Required work:
Please reproduce the entries exactly as they appear below, but not the pictures.
BEGIN Data provided
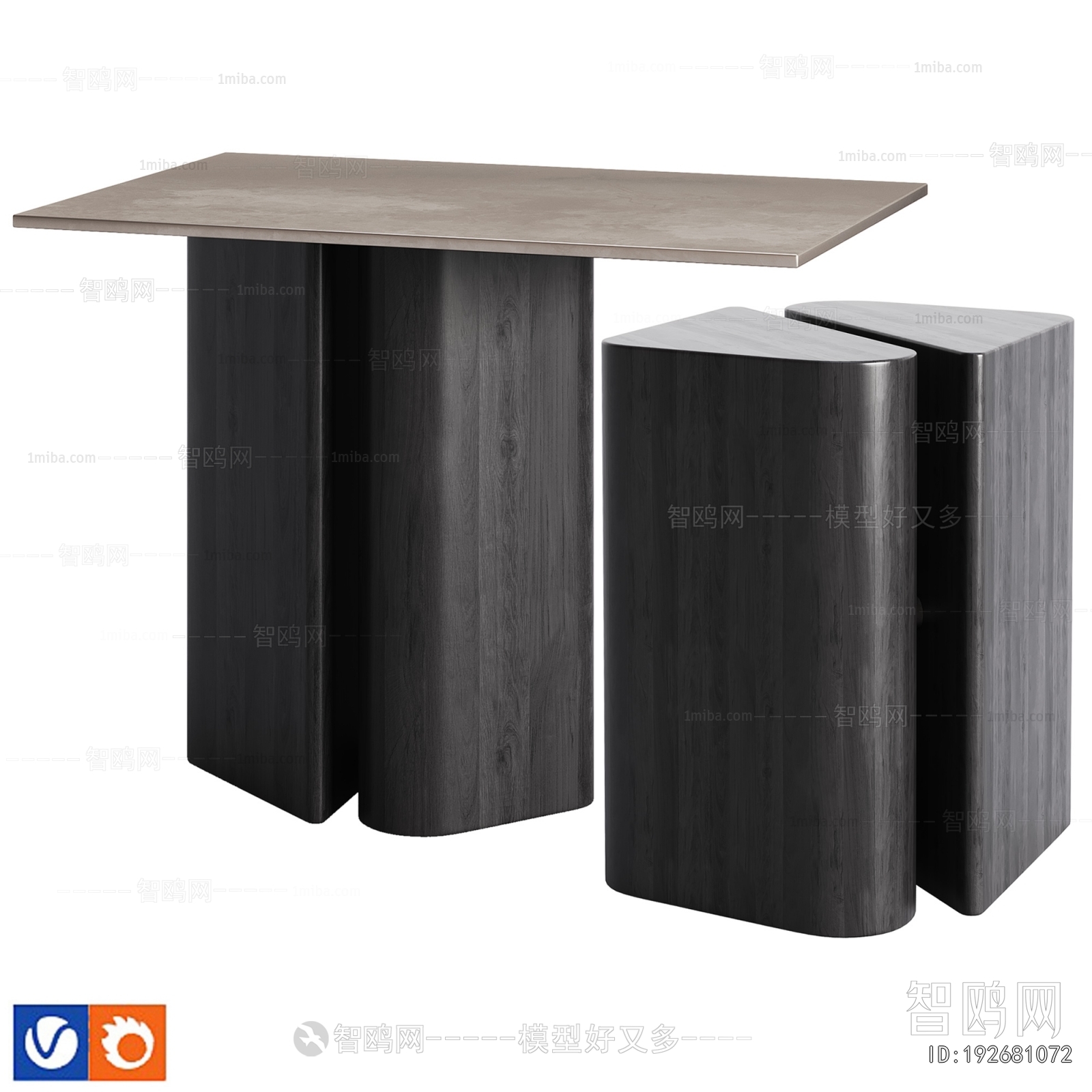 Modern Side Table/corner Table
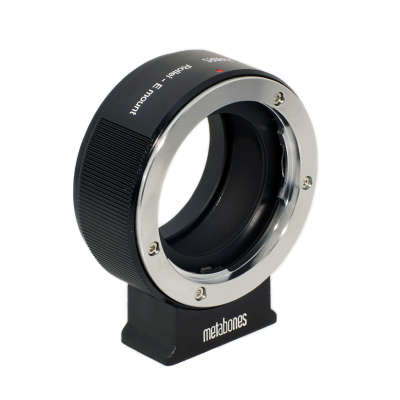 Rollei QBM - Sony E-Mount Lens Adapter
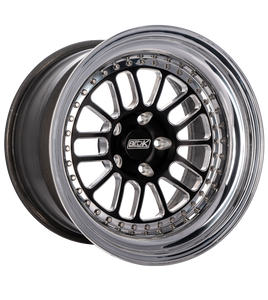 Belak Industries Series 2 Wheel - Non-Beadlock 5x114 18x10 +32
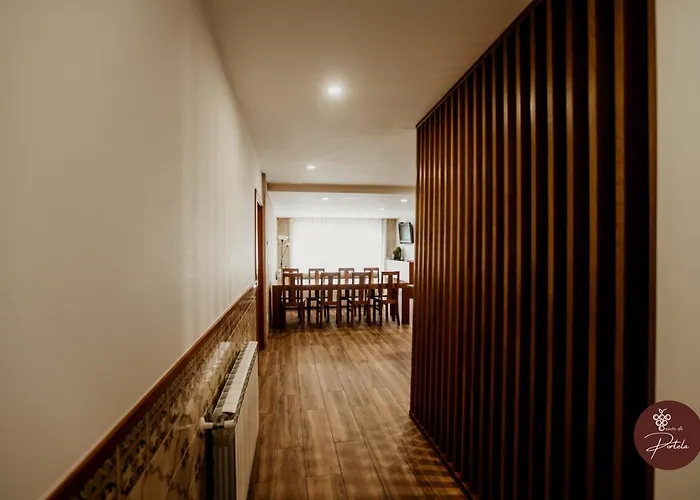 Gasthof Casa Da Adega - Quinta Da Portela 4*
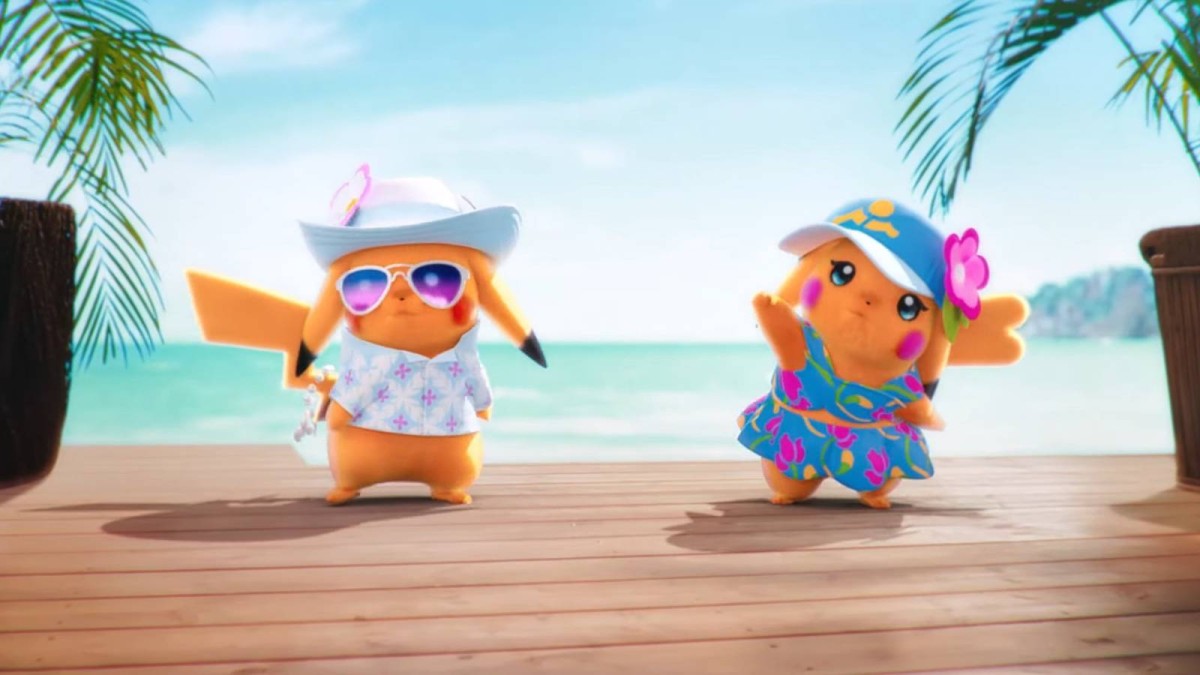 Pokémon Winds and Waves Massive Leak May Finally Make Series Haters Happy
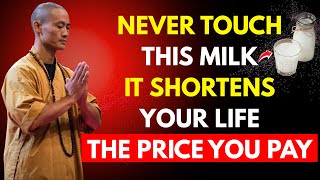SENIORS; 3 WORST Milks You Should NEVER Touch and 3 You MUST Drink Daily | Senior Health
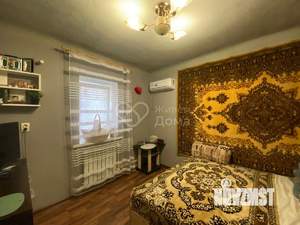 Дом 55м², 1-этажный, участок 3 сот.  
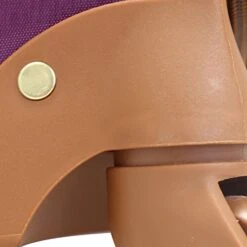 Steve Madden Designer Luggage Collection - Expandable 24 Inch Softside Bag - Durable Mid-sized Lightweight Checked Suitcase With 4-Rolling Spinner Wheels (Global Purple) -Samsonite Shop 51lPWLiOUkL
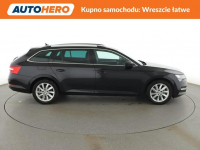Škoda Superb automat navi kamera climatronic LED tempomat Warszawa - zdjęcie 9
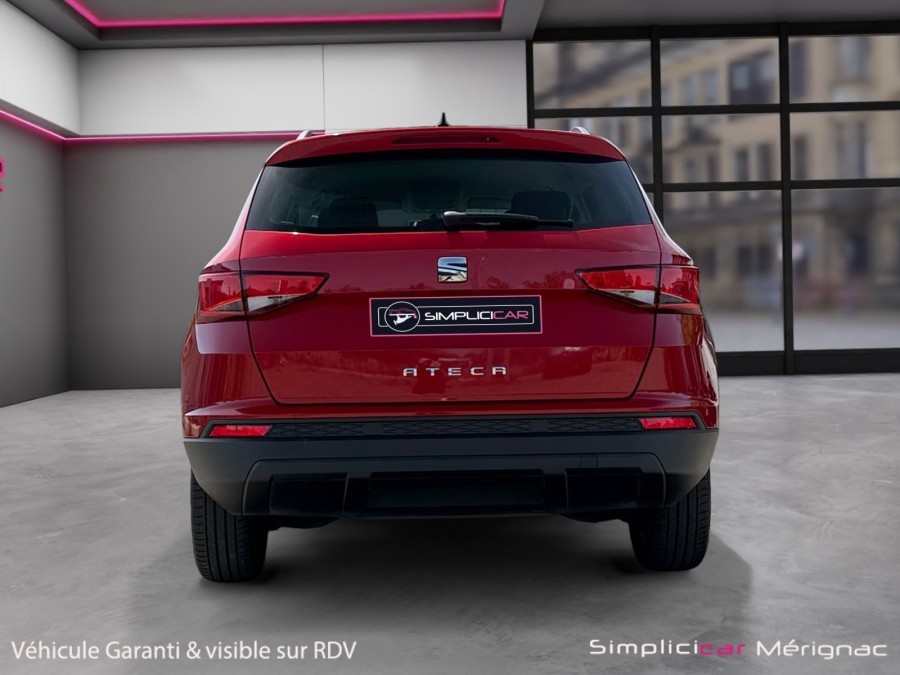 SEAT d'occasion ATECA 1 TSI 115 REFERENCE de 2018 Mérignac (33)﻿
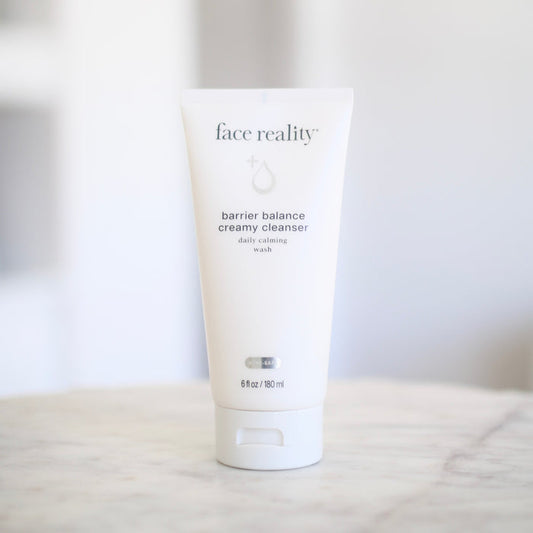 Product image of Face Reality Barrier Balance Creamy Cleanser - Clover Skin Bar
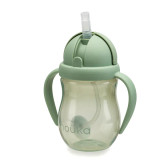 noüka Non-Spill Weighted Straw Cup 8 oz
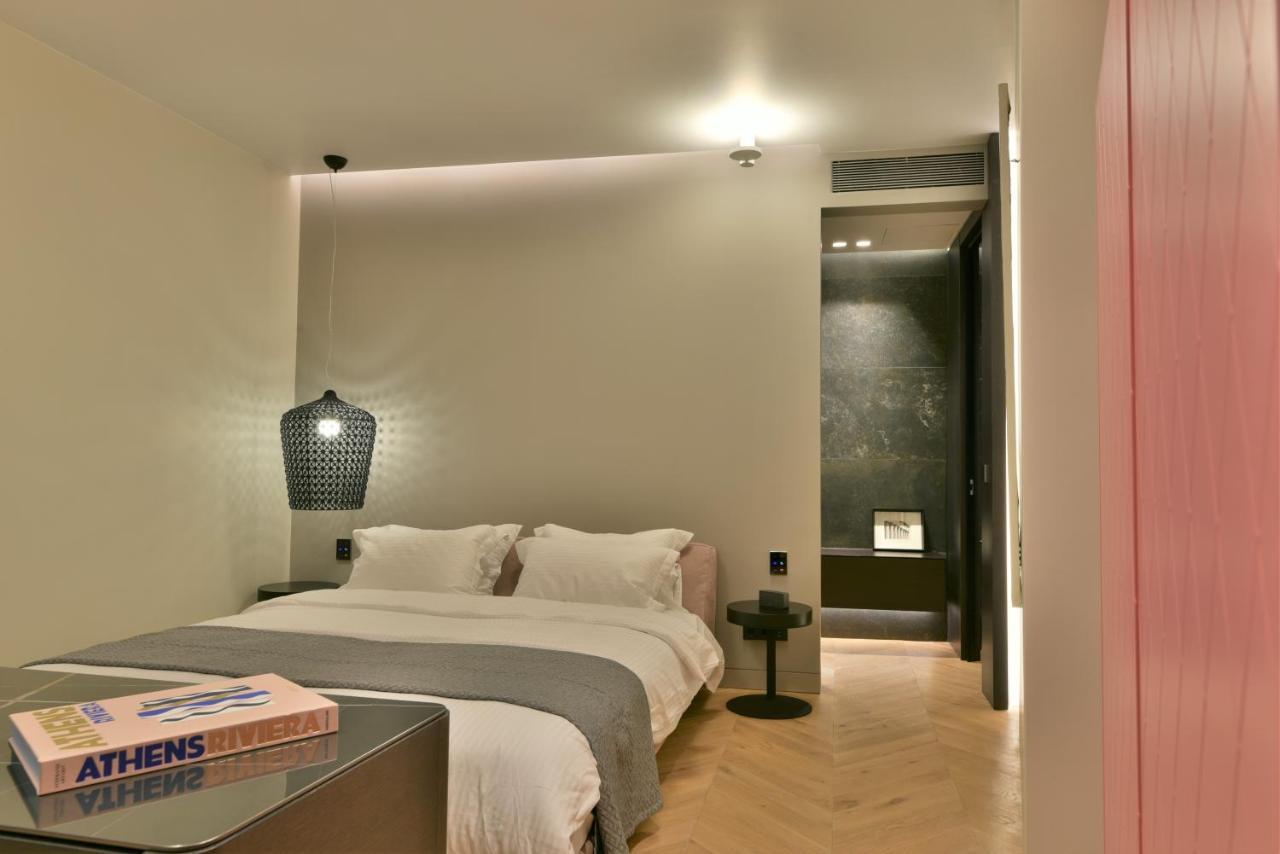 Nikiou Suites Luxury Residence Athen Eksteriør bilde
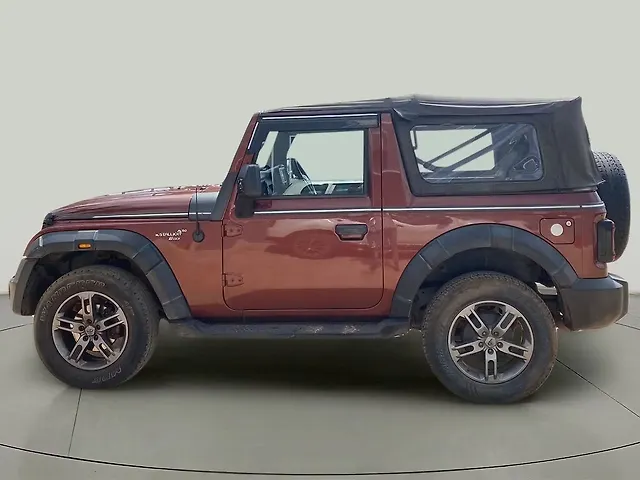 Used Mahindra Thar LX Convertible Petrol AT in Bangalore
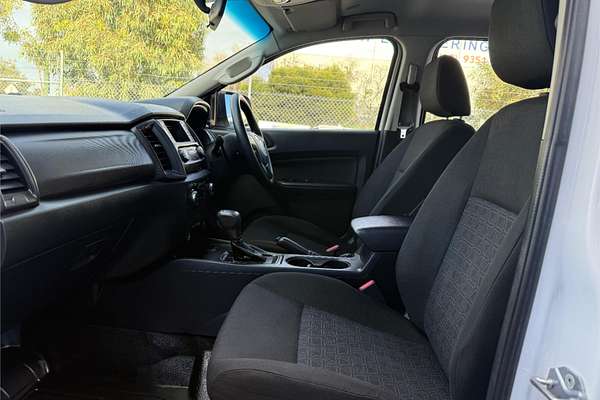 2019 Ford Ranger XL Hi-Rider PX MkIII Rear Wheel Drive 2.2L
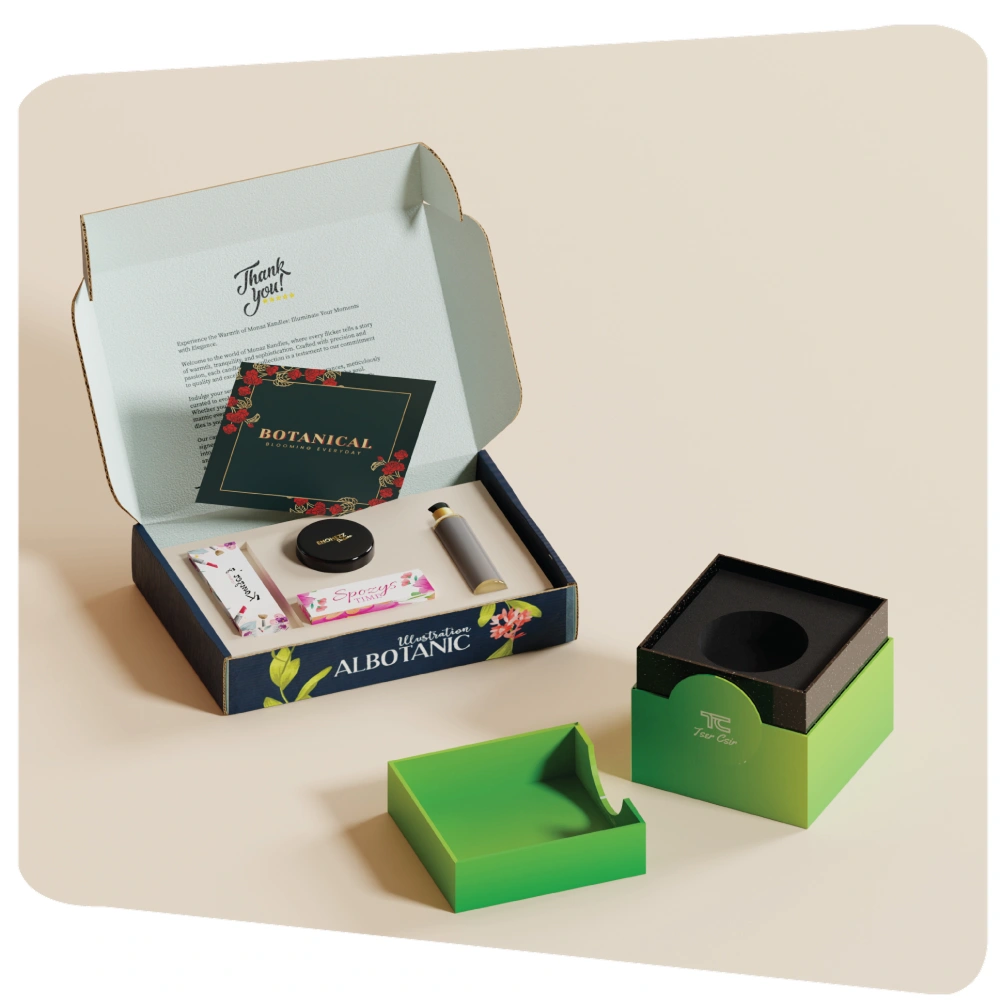 Custom boxes helping businesses improve branding and customer experience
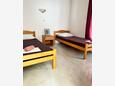 Спальня 2 Podaca, Спальня 2 в размещении типа apartment, WiFi.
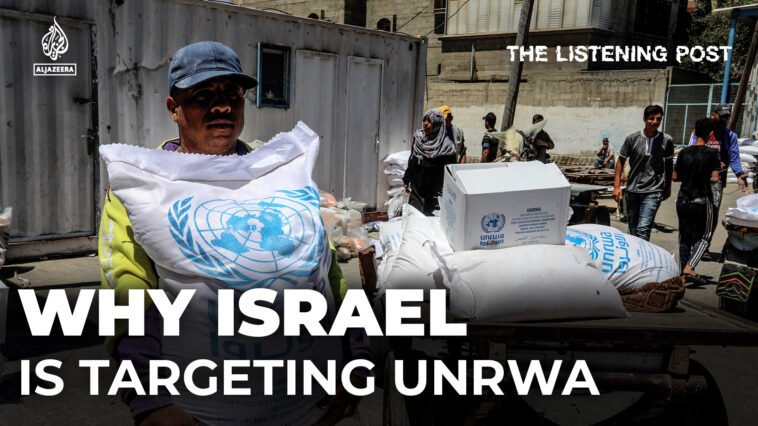 Israel vs UNRWA: Deflection and deception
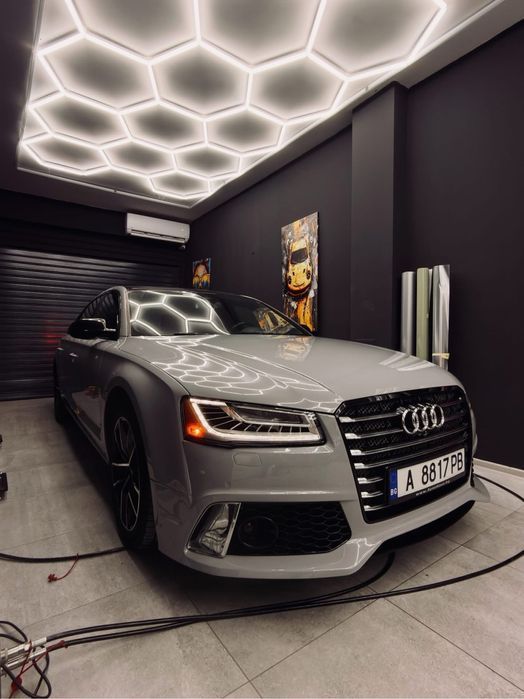 Промоционално фолиране на автомобили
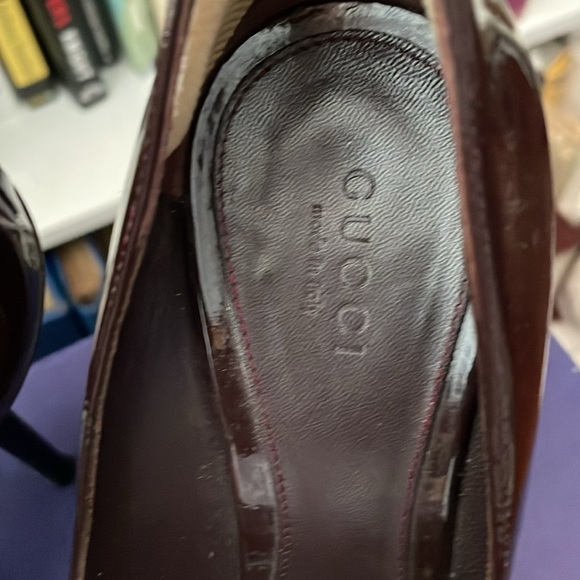 Gucci Heels!! (Wmns size 6b) - Picture 2 of 7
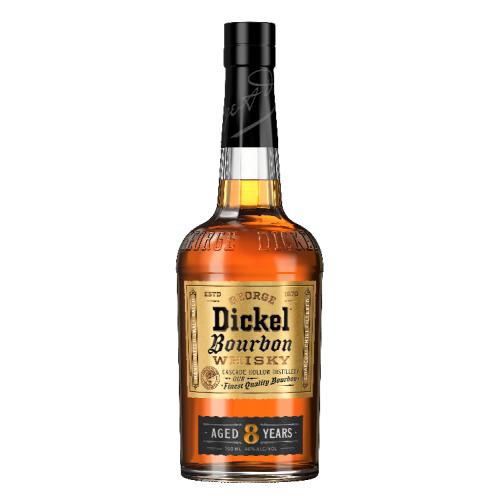 George Dickel Bourbon Whisky Aged 8 Years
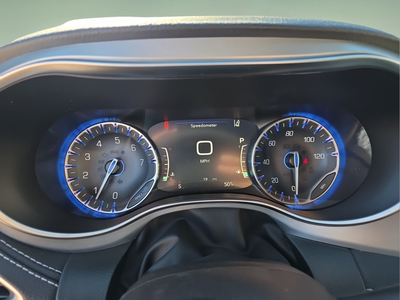 2026 Chrysler Pacifica PACIFICA LIMITED AWD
END Data provided
Exercise answer:
 Modern Side Table/corner Table
 Rollei QBM - Sony E-Mount Lens Adapter
 Belak Industries Series 2 Wheel - Non-Beadlock 5x114 18x10 +32
 Gasthof Casa Da Adega - Quinta Da Portela 4*
 Pokémon Winds and Waves Massive Leak May Finally Make Series Haters Happy
SENIORS; 3 WORST Milks You Should NEVER Touch and 3 You MUST Drink Daily | Senior Health
 Дом 55м², 1-этажный, участок 3 сот.  
 Steve Madden Designer Luggage Collection - Expandable 24 Inch Softside Bag - Durable Mid-sized Lightweight Checked Suitcase With 4-Rolling Spinner Wheels (Global Purple) -Samsonite Shop 51lPWLiOUkL
Škoda Superb automat navi kamera climatronic LED tempomat Warszawa - zdjęcie 9
 SEAT d'occasion ATECA 1 TSI 115 REFERENCE de 2018 Mérignac (33)﻿
 Product image of Face Reality Barrier Balance Creamy Cleanser - Clover Skin Bar
 noüka Non-Spill Weighted Straw Cup 8 oz
 Nikiou Suites Luxury Residence Athen Eksteriør bilde
 Used Mahindra Thar LX Convertible Petrol AT in Bangalore
 2019 Ford Ranger XL Hi-Rider PX MkIII Rear Wheel Drive 2.2L
 Custom boxes helping businesses improve branding and customer experience
 Спальня 2 Podaca, Спальня 2 в размещении типа apartment, WiFi.
 Israel vs UNRWA: Deflection and deception
 Промоционално фолиране на автомобили
 Gucci Heels!! (Wmns size 6b) - Picture 2 of 7
 George Dickel Bourbon Whisky Aged 8 Years
 2026 Chrysler Pacifica PACIFICA LIMITED AWD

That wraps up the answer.